• [Work request]:
The pictures in the listing below are to be skipped, while the lines between the line holding "JUAL RUMAH KLASIK" and the line holding "Used 2018 Audi", inclusive, are to be output exactly.

• [Provided data]:
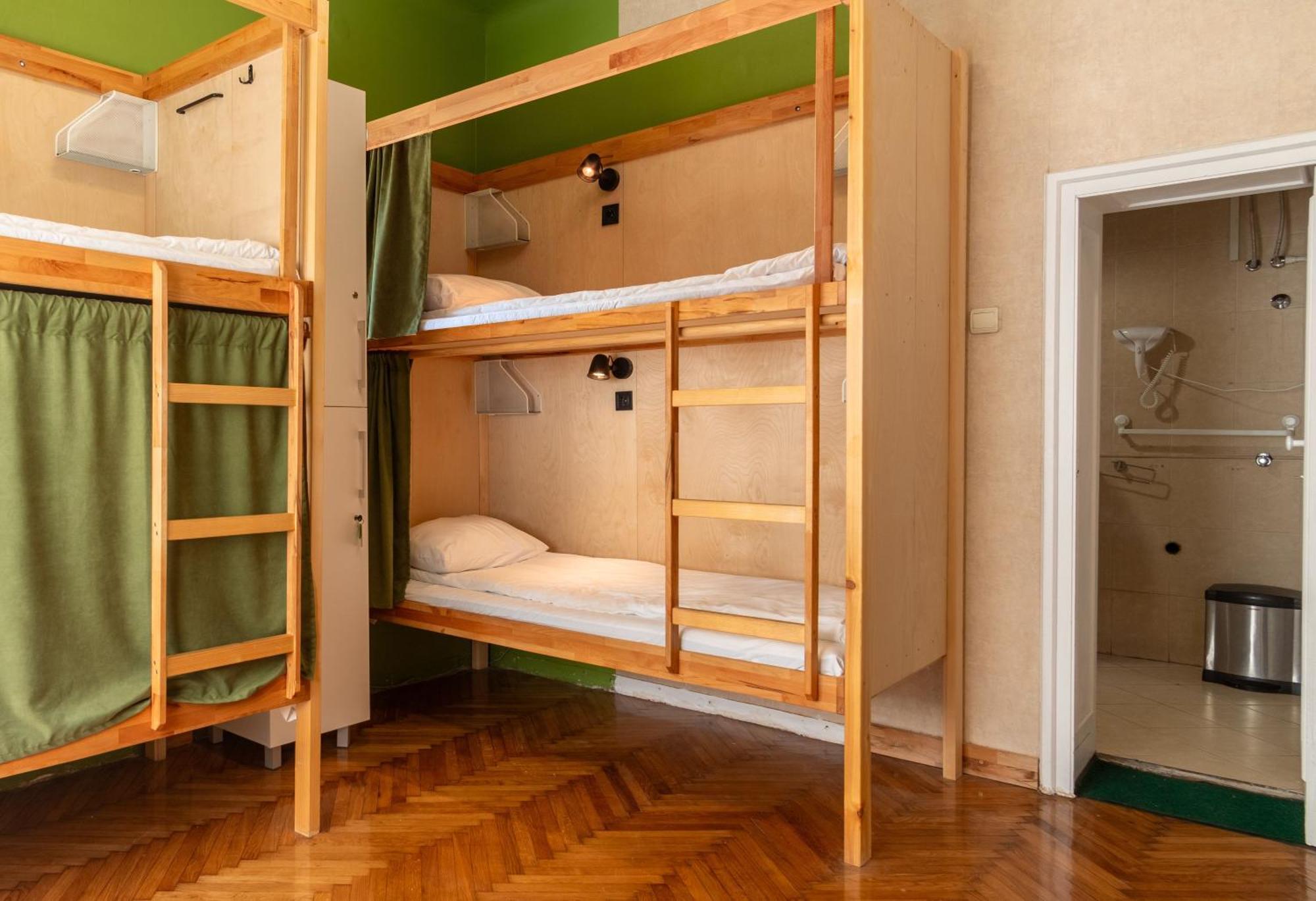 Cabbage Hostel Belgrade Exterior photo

...

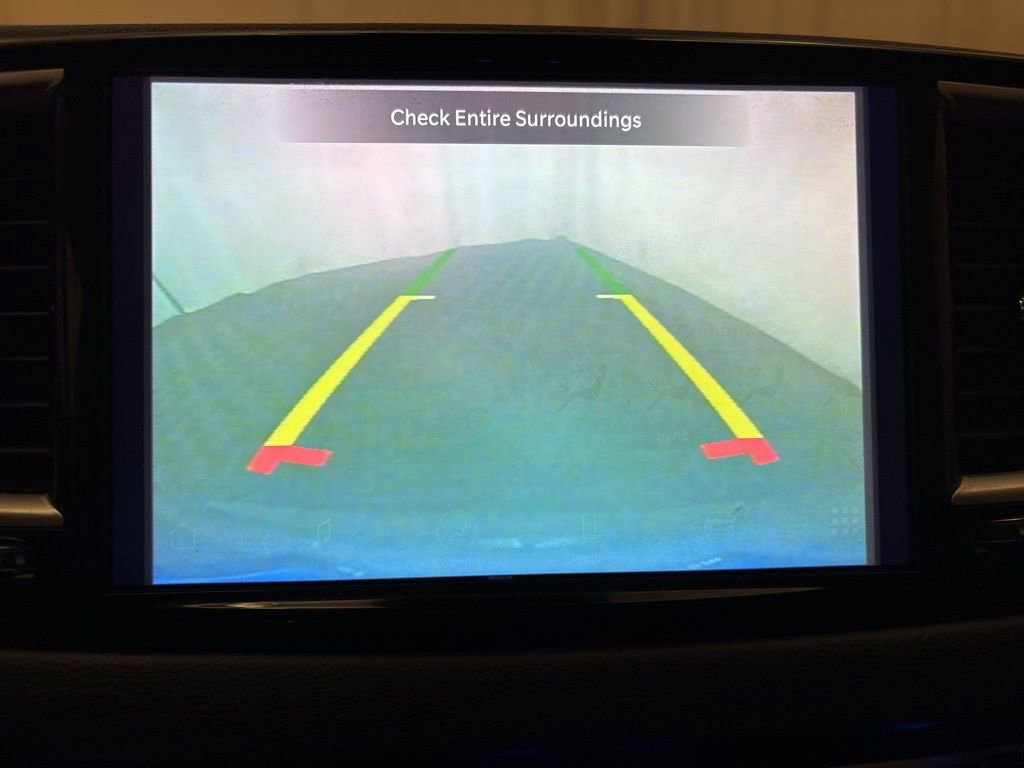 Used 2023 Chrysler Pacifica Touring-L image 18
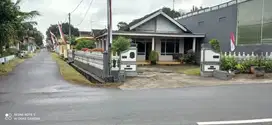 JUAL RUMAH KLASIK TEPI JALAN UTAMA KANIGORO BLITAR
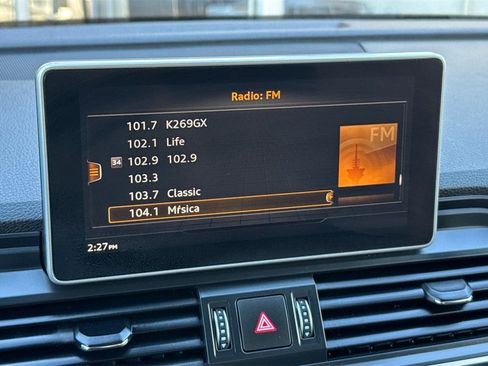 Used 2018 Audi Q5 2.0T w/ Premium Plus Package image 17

• [Task output]:
 JUAL RUMAH KLASIK TEPI JALAN UTAMA KANIGORO BLITAR
 Used 2018 Audi Q5 2.0T w/ Premium Plus Package image 17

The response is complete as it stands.